George Horace Gallup was born on November 18, 1901, in Jefferson, Iowa. He was the son of George Henry Gallup, a dairy farmer. George, Jr., then known as “Ted” delivered milk and “used his salary to start a newspaper at the high school.” He was also a football player who played for the University of Iowa while he obtained his higher education. He was “editor of The Daily Iowan, an independent newspaper which serves the university campus. He earned his Bachelor of Arts in 1923, his Master of Arts in 1925, and his Ph.D. in 1928.
After obtaining his education, he “served as the head of the Department of Journalism” at Drake University in Des Moines, Iowa. In 1931 he became “a professor of journalism and advertising at Northwestern University in Evanston, Illinois. The next year, he moved to New York City to join the advertising agency of Young and Rubicam as director of research” and later as vice president.

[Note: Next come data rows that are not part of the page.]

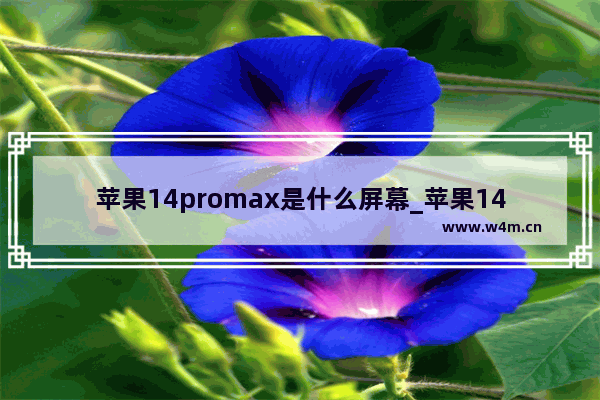 苹果14promax是什么屏幕_苹果14promax屏幕材质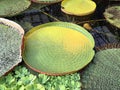 Leaf of The Royal Victoria Amazonica giant water lily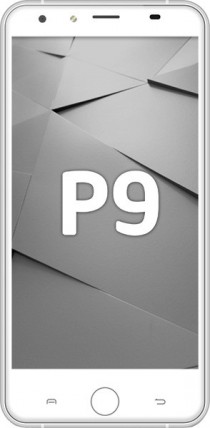  P9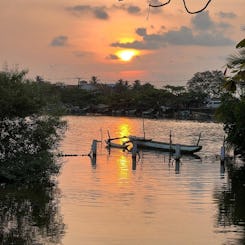 Negombo Lagoon & Muthurajawerla Boat Ride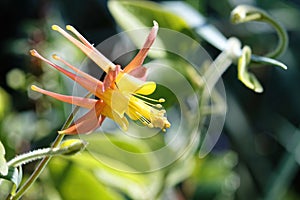 Beautiful Western Columbine or Aquilegia formosa flower in a garden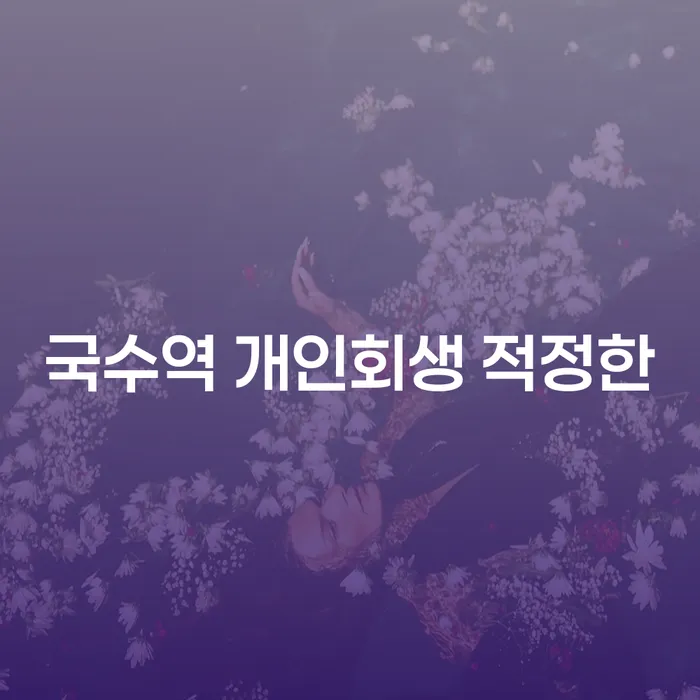 국수역 개인회생 적정한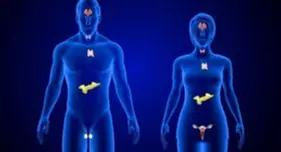 Endokrinolojia cover image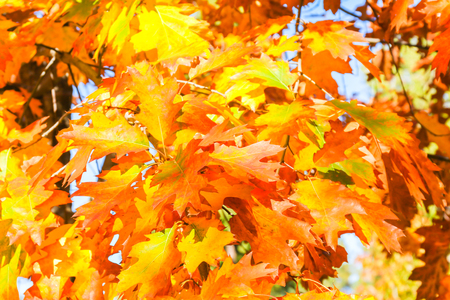 Close up View of Fall Colorful Leaves With Some Blue Sky in the Backgroundの写真素材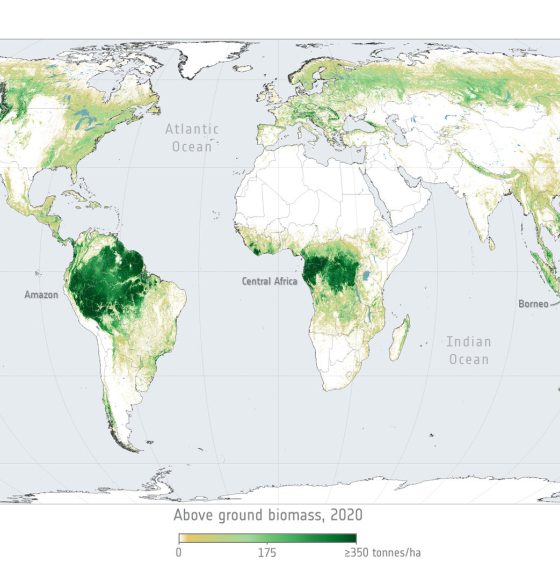 Recovering forests regain a quarter of carbon lost from deforestation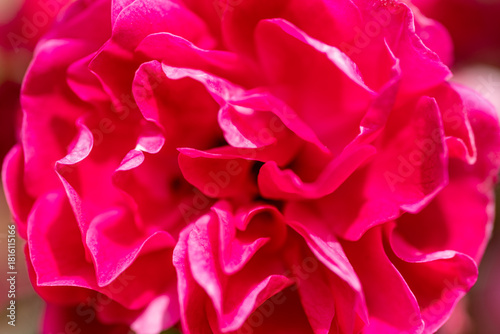 Zbliżenie na teksturę płatków kwitnącej różowej róży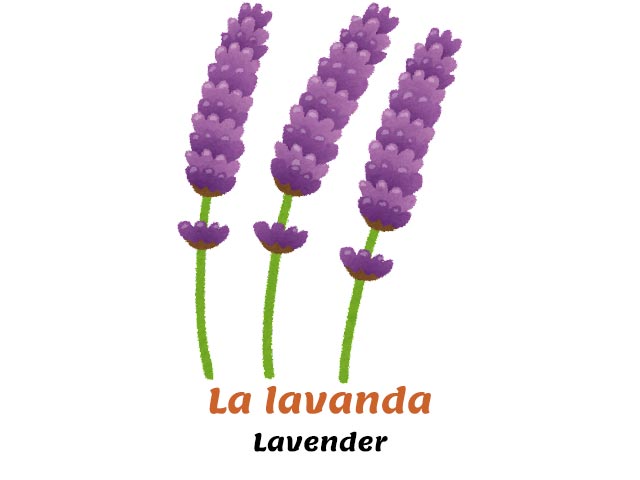 italian names for flowers - lavender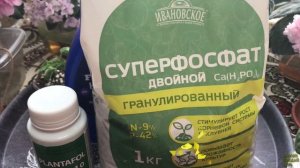 Чем удобрять фиалки, чтоб цвели. Удобрения для корней, листьев и цветов фиалок. Удобрять ли детки.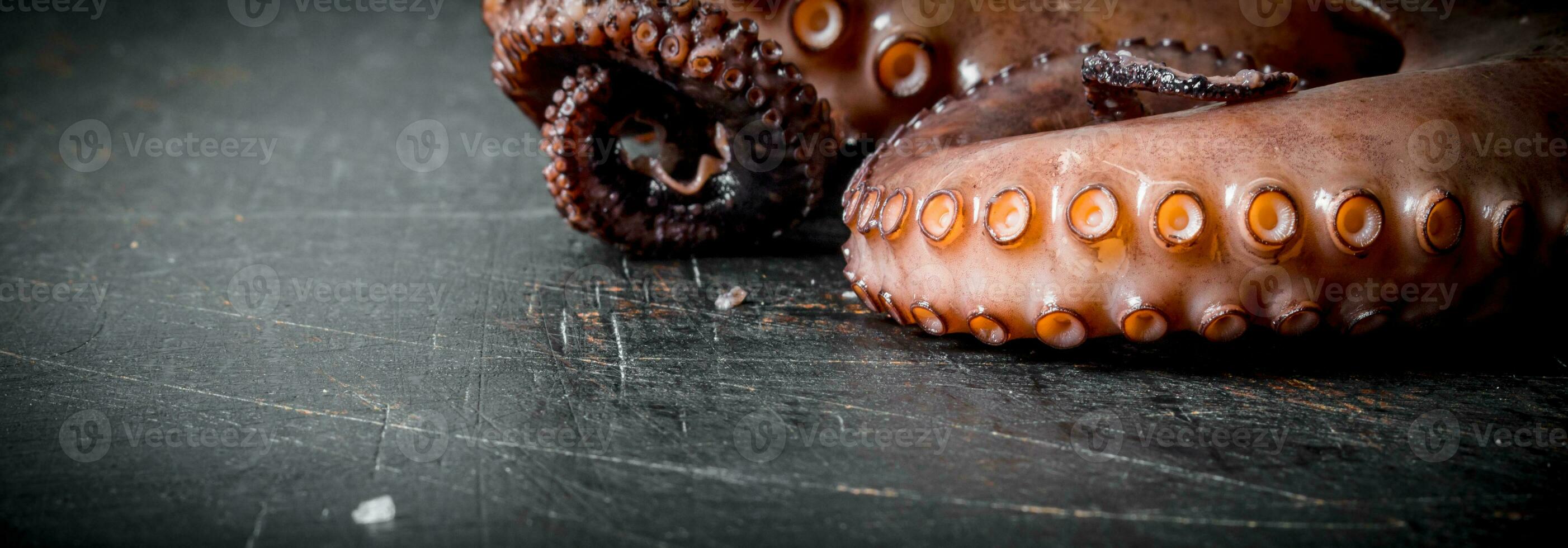 Freshly cooked octopus. photo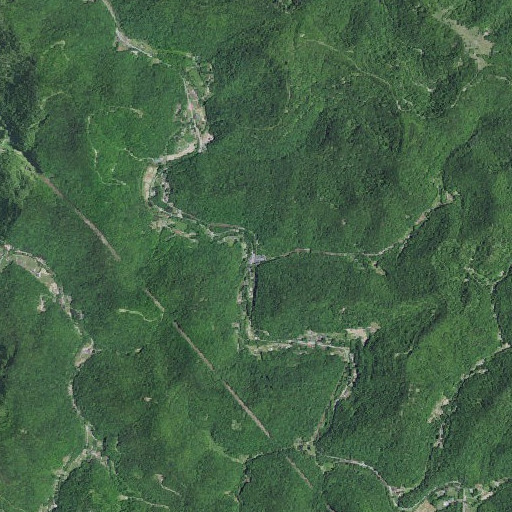 Aerial imagery of Levi Lewis Branch, KY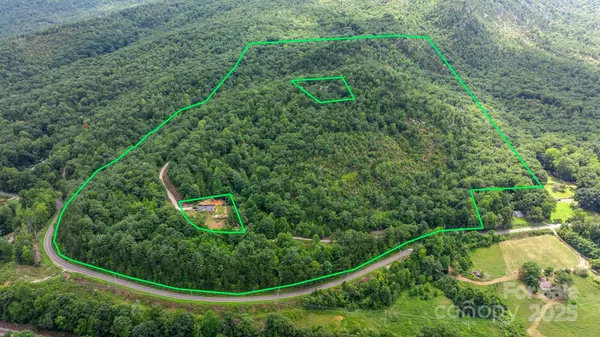 a view of a forest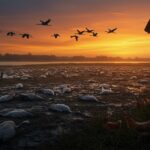 Grippe Aviaire au Lac du Der : Crise pour Éleveurs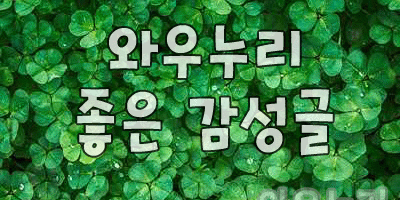 좋은 감성글 행복이란 결국엔 공기입니다
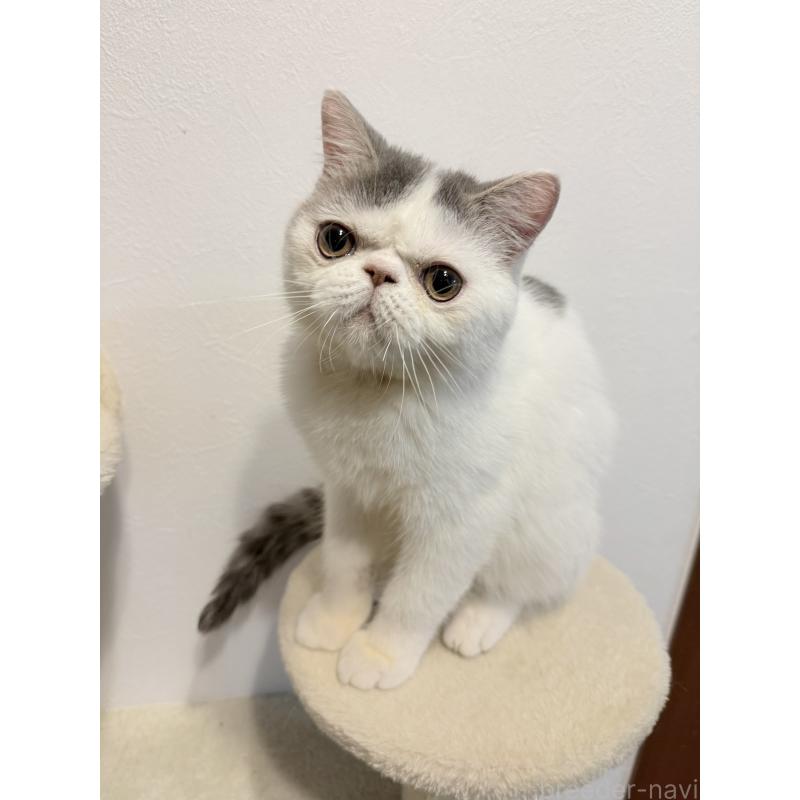 成約済の京都府のエキゾチックショートヘア-126378の2枚目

He was also “professor of journalism at Columbia University.” He resigned from this position soon after he started the American Institute of Public Opinion (known as Gallup Poll) in 1935.
As “an American pioneer of survey sampling techniques,” he is “often credited as the developer of public polling” after helping his mother-in-law with some political polling. “In 1936, his new organization achieved national recognition by correctly predicting, from the replies of only 50,000 respondents, that Franklin Roosevelt would defeat Alf Landon in the U.S. Presidential election. This was I direct contradiction to the widely respected Literary Digest magazine whose poll based on over two million returned questionnaires predicted that Landon would be the winner. Not only did Gallup get the election right, he correctly predicted the results of the Literary Digest poll as well using a random sample smaller than theirs but chosen to match it.
“Twelve years later, his organization had its moment of greatest ignominy, when it predicted that Thomas Dewey would defeat Harry S. Truman in the 1948 election, by five to fifteen percentage points. Gallup believed the error was mostly due to ending his polling three weeks before Election Day.”
Gallup died on July 26, 1984, “of a heart attack at his summer home in Tschingel, a village in the Bernese Oberland of Switzerland” and was buried in the Princeton Cemetery. His wife died in 1988. The couple had one son, George Gallup, Jr., writer and pollster, who died in 2011.